Shares Spread Betting: Diamond Leaves Barclays After LIBOR Scandal
Spread Betting 3 July 2012
The longer Bob Diamond stayed on as CEO of Barclays, the more bad press the bank would have received as calls for his resignation would have grown and grown.
Whilst most people don't actually know what LIBOR is, the headlines make for bad reading, especially with bank bashing remaining rife.
Let's face it, no one would want to be the head of a bank that is embroiled in this issue when they have to face the Treasury Select Committee this week.
The fact that he's taken this step doesn't come as a huge surprise after the resignation of the Chairman.
When it boils down to it, the banks have been playing the market for their own benefit. That is true even if all they were doing was creating the liquidity and flow to provide a lower price at which to lend money to each other.
Bob Diamond has only been CEO for a short time, but he was seen as a figure head for the overall banking sector and one of the best in his field. At least his appearance in front of the MPs should be a little easier.
Barclays shares dipped by some 4% on the open, but they have already climbed back from the lows and pushed back into positive territory.
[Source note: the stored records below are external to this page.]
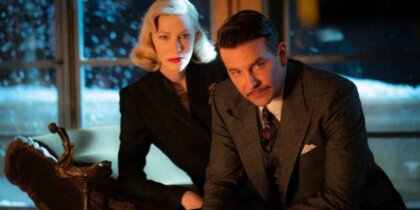 El callejón de las almas perdidas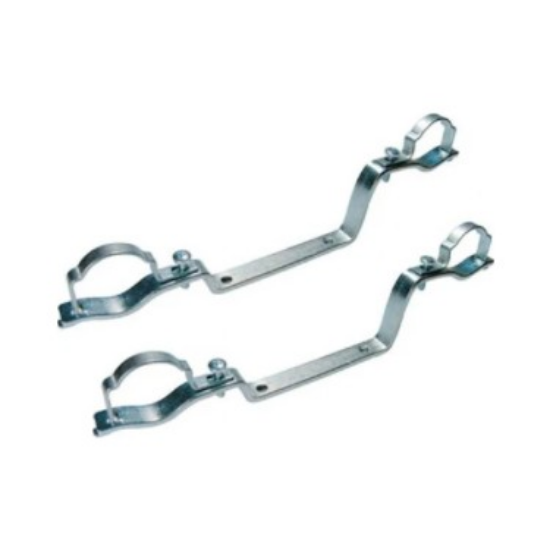 Kollektör Kelepçesi Çift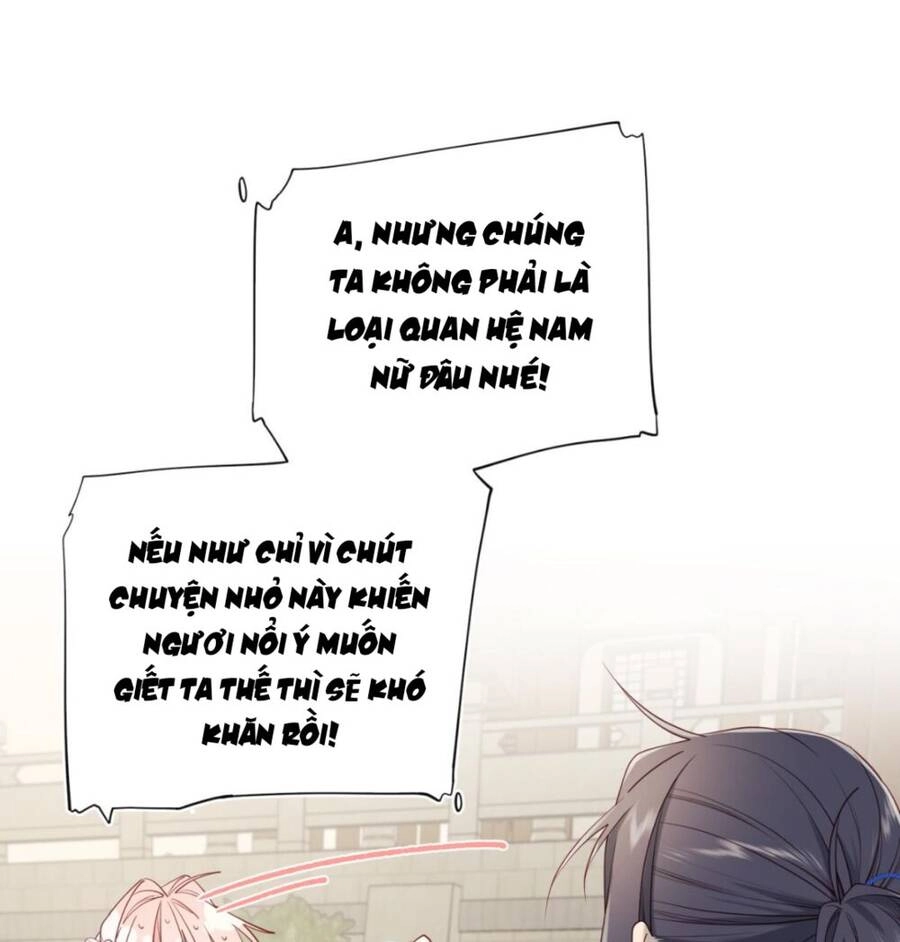 Ác Nữ Cự Tuyệt Cua Nam Chính Chapter 69 - 49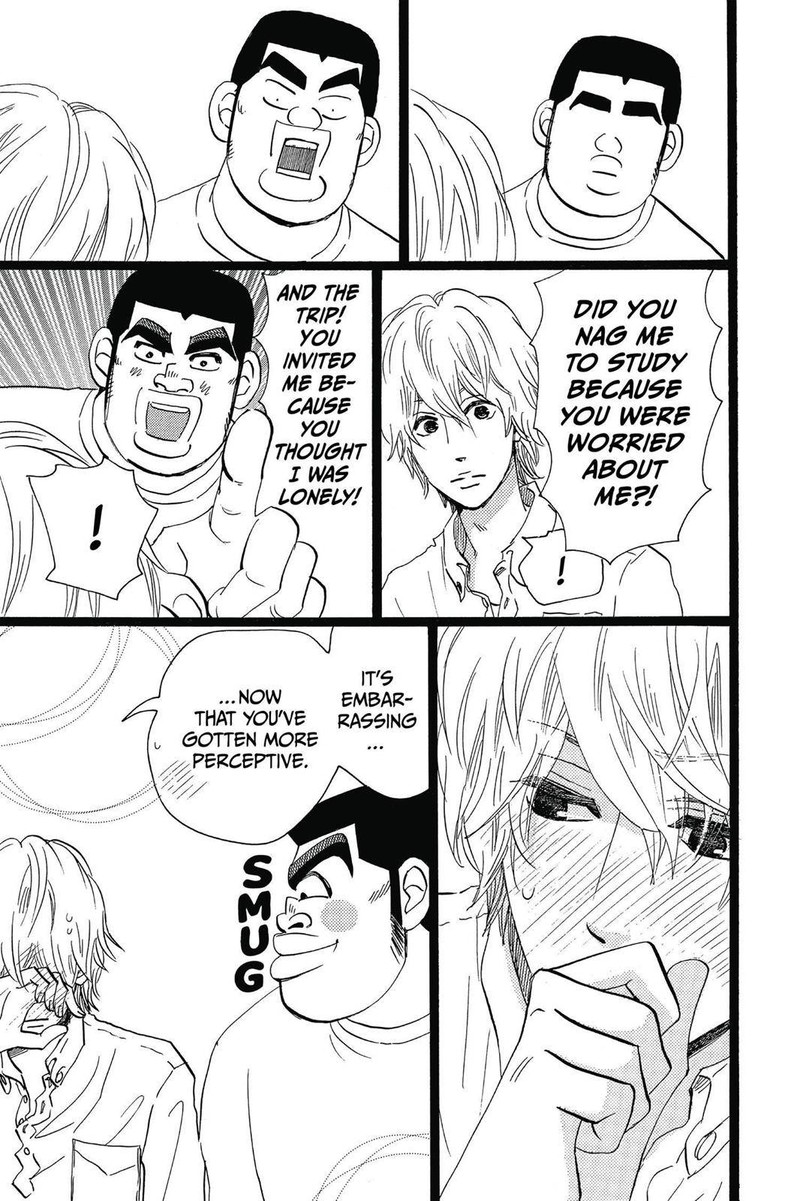 Ore Monogatari 48 39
Shares spread betting investors seem to have been quick to brush the issue aside, however we now have to consider the ramifications for the other banks under investigation.
How far will the scandal go from here? Barclays is likely to be just the first of many banks to be fined and so there will be several nervous CEOs out there.
The FTSE had been called to open some 15 points higher but the banking sector initially dragged us lower following the news of Diamond's resignation. Nevertheless, those early losses have now been reversed and the index is currently up by 10 points.
Yesterday, the market closed right on its near-term resistance levels and is testing them again this morning.
The bulls will be hoping that a move above 5650 will open the way for 5715 and then 5760. On the downside, support is at 5615, 5585 and then 5540.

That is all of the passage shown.